* Opposition parties to help ensure Spanish aid approved
* Merkel faces dissent over liability of aid for Spanish banks
* Vote follows legal blow from Constitutional Court
BERLIN, July 18 (Reuters) - Chancellor Angela Merkel faces a test of authority within her centre-right coalition on Thursday when the lower house of parliament votes on Berlin's contribution to an up to 100 billion euro ($122 billion) aid package for Spanish banks.
The Bundestag is almost certain to approve the rescue since members of opposition parties will back the measures.
However, Merkel is fighting dissent from some of her own conservatives and her Free Democratic (FDP) coalition partners over fears that Spanish banks, rather than the Spanish state, may become liable for the aid.
A major rebellion within her own ranks would be an embarrassment for Merkel who only needs a simple majority to get the law through but would prefer not to rely on opposition votes for such an important piece of legislation.
"From the signals I am hearing, I feel optimistic," Merkel told a news conference with her Thai counterpart on Wednesday.
Just over a year before the next federal election, Merkel is riding high in opinion polls thanks largely to her tough stance towards heavily indebted states in the euro zone crisis.
Many Germans are angry and frustrated at being the single currency's paymaster and do not want their burden to increase further to underwrite what they see as profligate euro zone states.
Germans are already bearing the brunt of bailouts to Greece, Ireland and Portugal.
Merkel is also trapped between intense pressure from some EU partners to move more quickly to stem the crisis and limits set by German public opinion, parliament and the Constitutional Court which has ordered the government give lawmakers more say.
In the latest legal blow, the court this week said it would keep Europe waiting until early September as to whether Germany can ratify the European Stability Mechanism, the euro area's permanent bailout fund, and a fiscal pact on budget discipline.
Lawmakers' main objection to the up to package for Spain, of which Germany would guarantee nearly 30 percent, is focused on confusion over whether liability rests with the state or banks.
Critics of the bill insist national governments should be liable for emergency loans granted to banks because otherwise German taxpayers face greater risks.
Under the temporary European Financial Stability Facility rescue fund, the vehicle initially used for Spanish aid, the Spanish state will be liable, but this will change once the ESM can recapitalise banks directly, a move discussed in the euro zone now in conjunction with a pan-euro area banking supervisor.
FDP lawmaker Lars Lindemann, who opposed the ESM in a vote in June, said he would vote 'no' again on Thursday because he felt parliament had been rushed and also because Spanish banks' owners should carry more of the cost.
"If we in Germany have to maintain a balance between actions and liabilities then this should also apply to the owners of Spanish banks," he told Reuters.
Merkel said on Sunday it had not yet been decided if the EFSF and its permanent successor, the ESM, will be liable for aid to banks in future.
Finance Minister Wolfgang Schaeuble was more explicit on Wednesday.

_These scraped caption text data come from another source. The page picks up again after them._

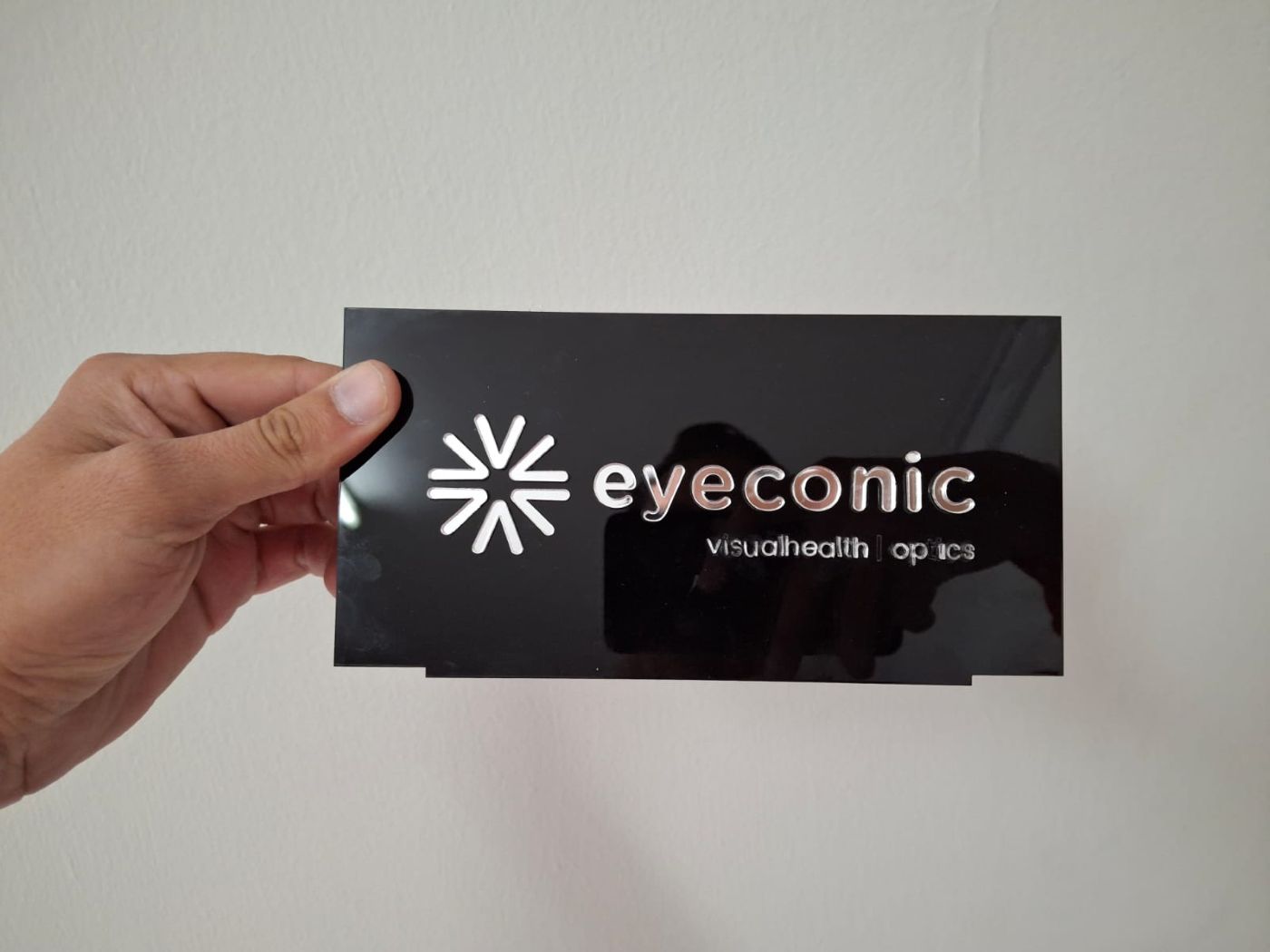 Trabajo de fabricación de acrílico hecho en Monterrey por Punto Clave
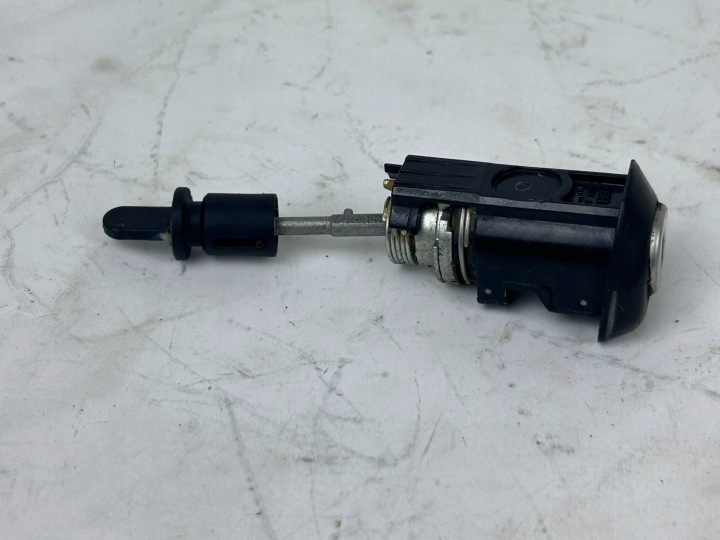 SERRURE DE PORTE AVANT AUDI Q5 SQ5 80B837167A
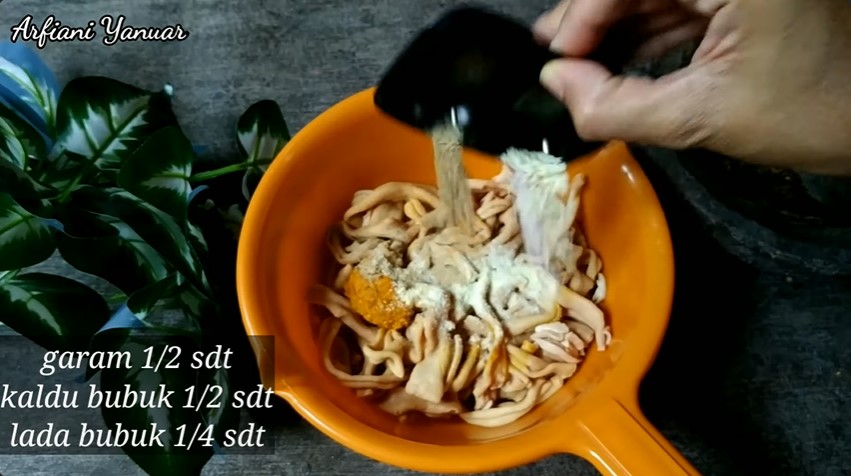 Tanpa tepung beras dan baking soda, ini trik goreng usus agar awet renyah pakai tambahan 1 bahan dapur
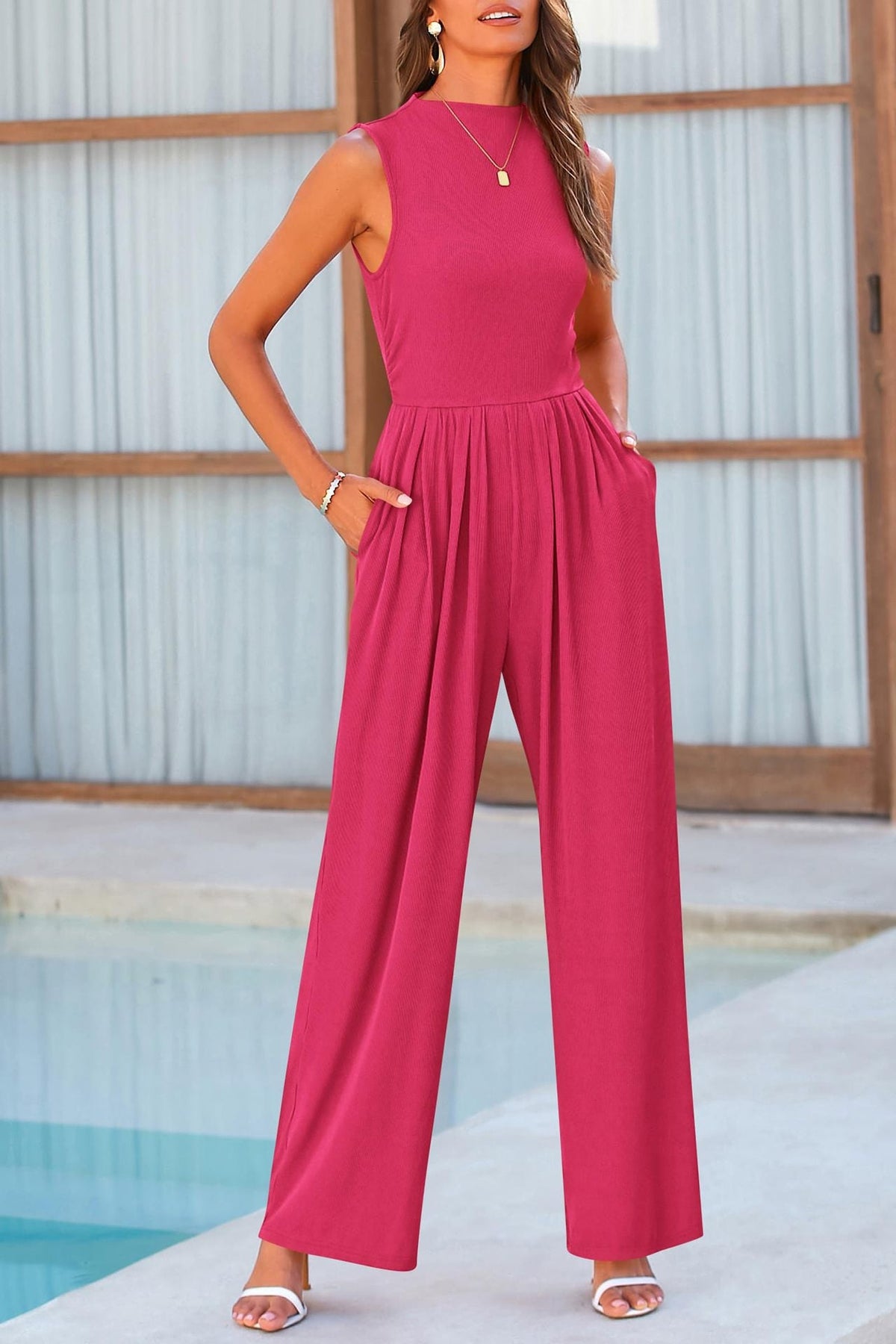 Eleganter Damen Jumpsuit mit weiten Beinen und Taschen - MODEGEIST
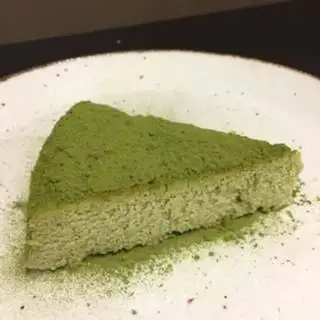 Make Japanese green tea cheesecake step 13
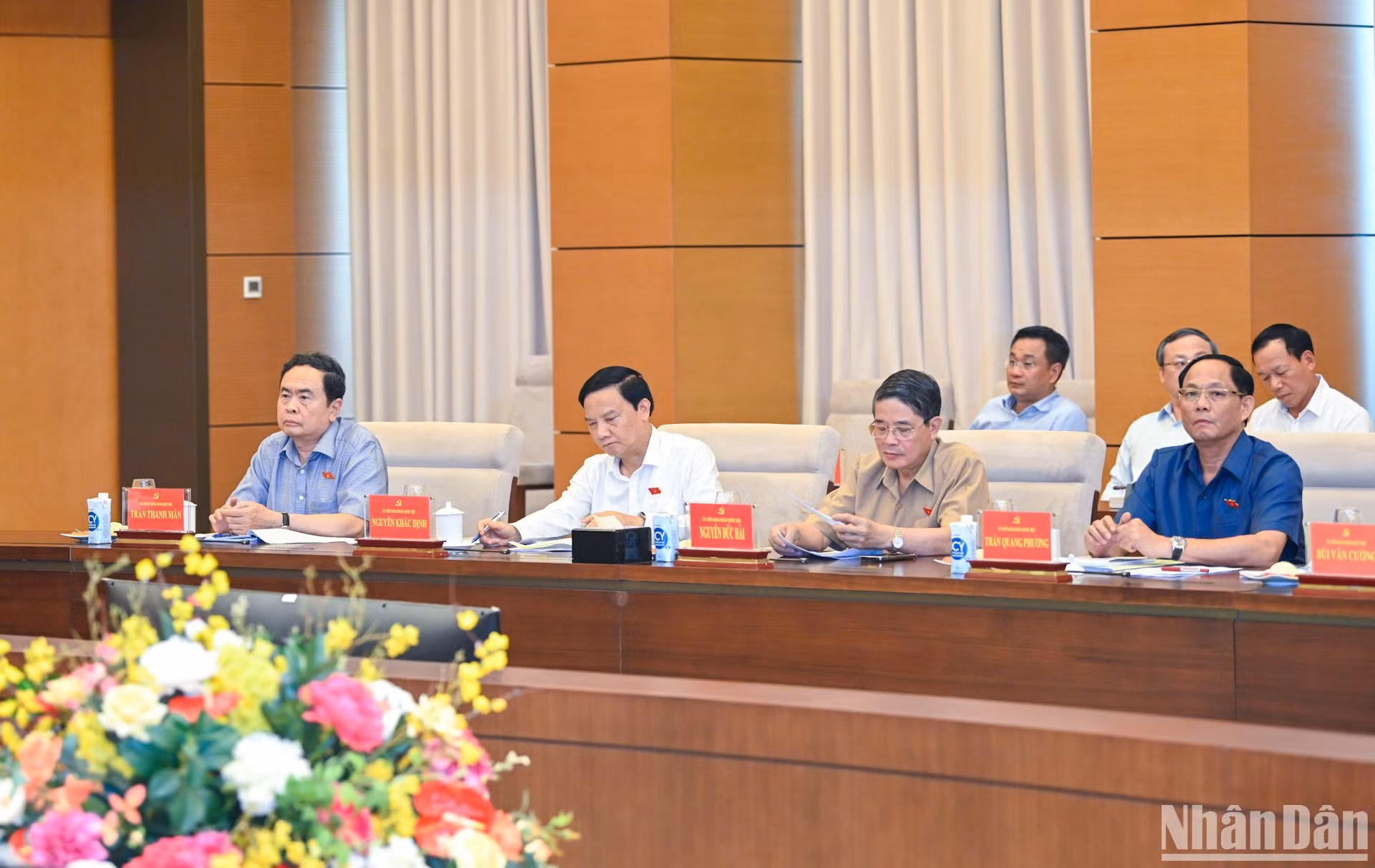 Phó Chủ tịch Thường trực Quốc hội Trần Thanh Mẫn cùng các Phó Chủ tịch Quốc hội và Ủy viên Đảng đoàn Quốc hội dự hội nghị. Phó Chủ tịch Thường trực Quốc hội Trần Thanh Mẫn cùng các Phó Chủ tịch Quốc hội và Ủy viên Đảng đoàn Quốc hội dự hội nghị.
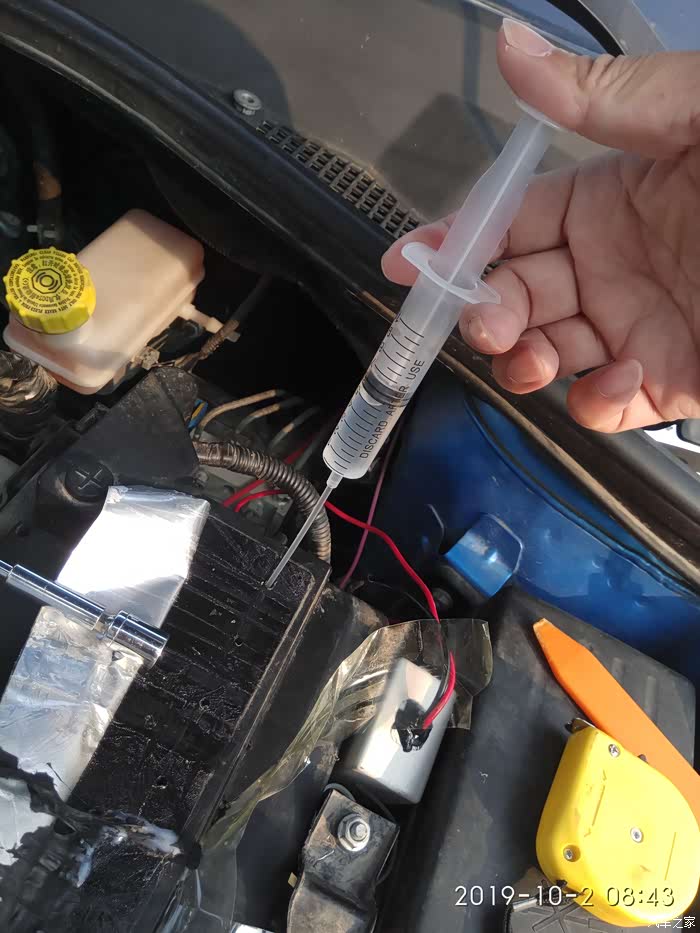 宝骏310蓄电池加水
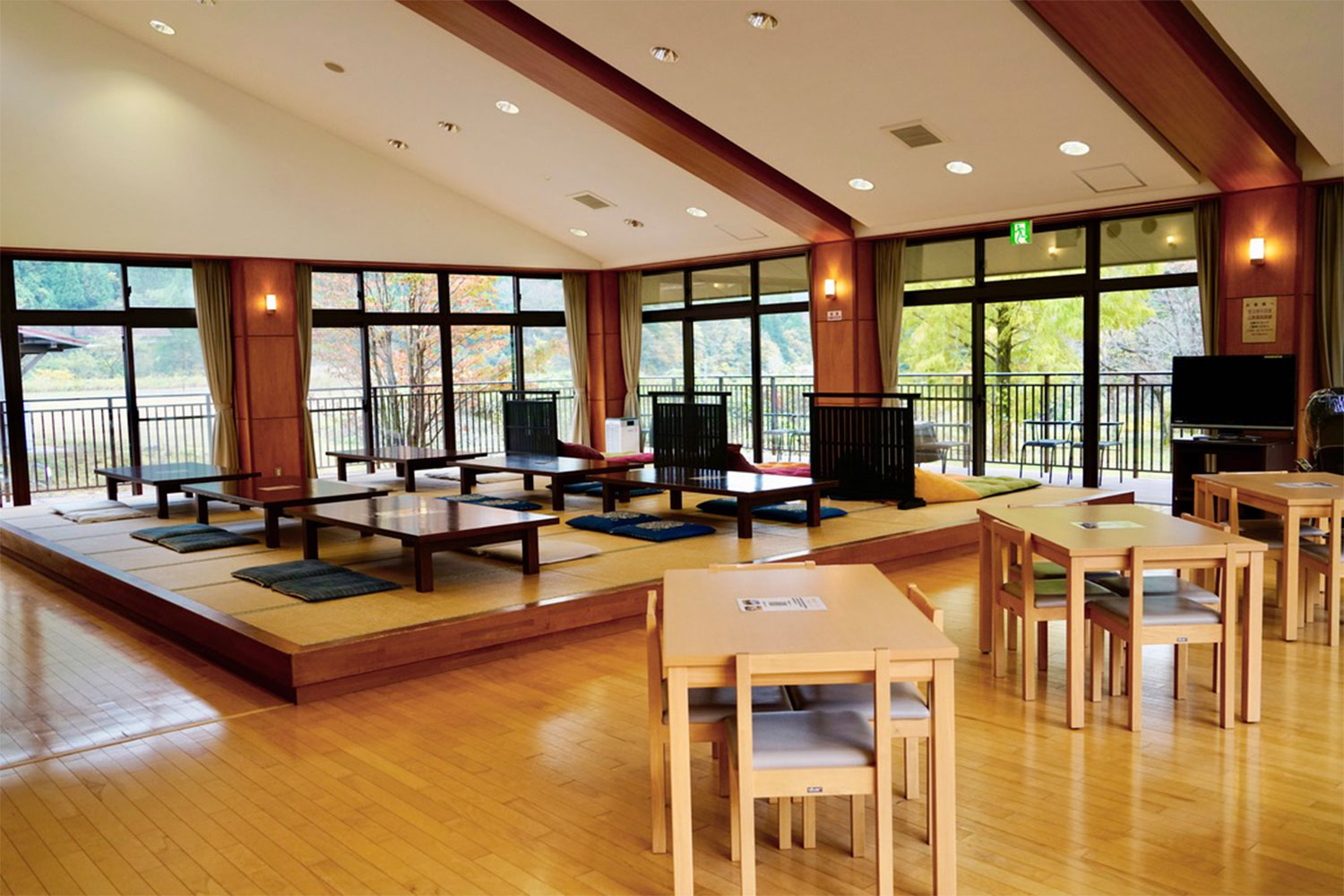 自然の中で癒しのひと時。森林浴と露天風呂が堪能できる温泉施設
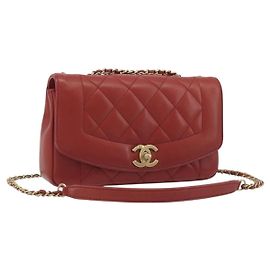 Borsa a tracolla CHANEL Matelassé in pelle d'agnello rossa con catena e CC dorato Auth 195253SM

He told the Rheinische Post daily that any decision to recapitalise banks directly from the rescue fund could only happen once a central supervisory body was up and running.
Even then it would have to be unanimously agreed by euro zone states and approved by the Bundestag, he said.
"The impression that has arisen through unclear and irresponsible comments from some individuals that we are now deciding on direct aid to banks without state liability is simply absurd. It is completely unfounded," he told the paper.
Despite Merkel's professed optimism about the vote, she has acknowledged she faces a rebellion from within her own ranks on Thursday afternoon after a debate opened by Schaeuble at 1200 GMT.
She has tried to lower expectations, saying on Sunday she wasn't aiming to get the symbolically important so-called "chancellor majority" which would require the support of 311 of her coalition's 330 MPs in the 620-seat house.
In June, some 26 MPs from Merkel's coalition voted against a bill on the ESM, even more than the 17 coalition MPs who rebelled against the second Greek bailout package in February.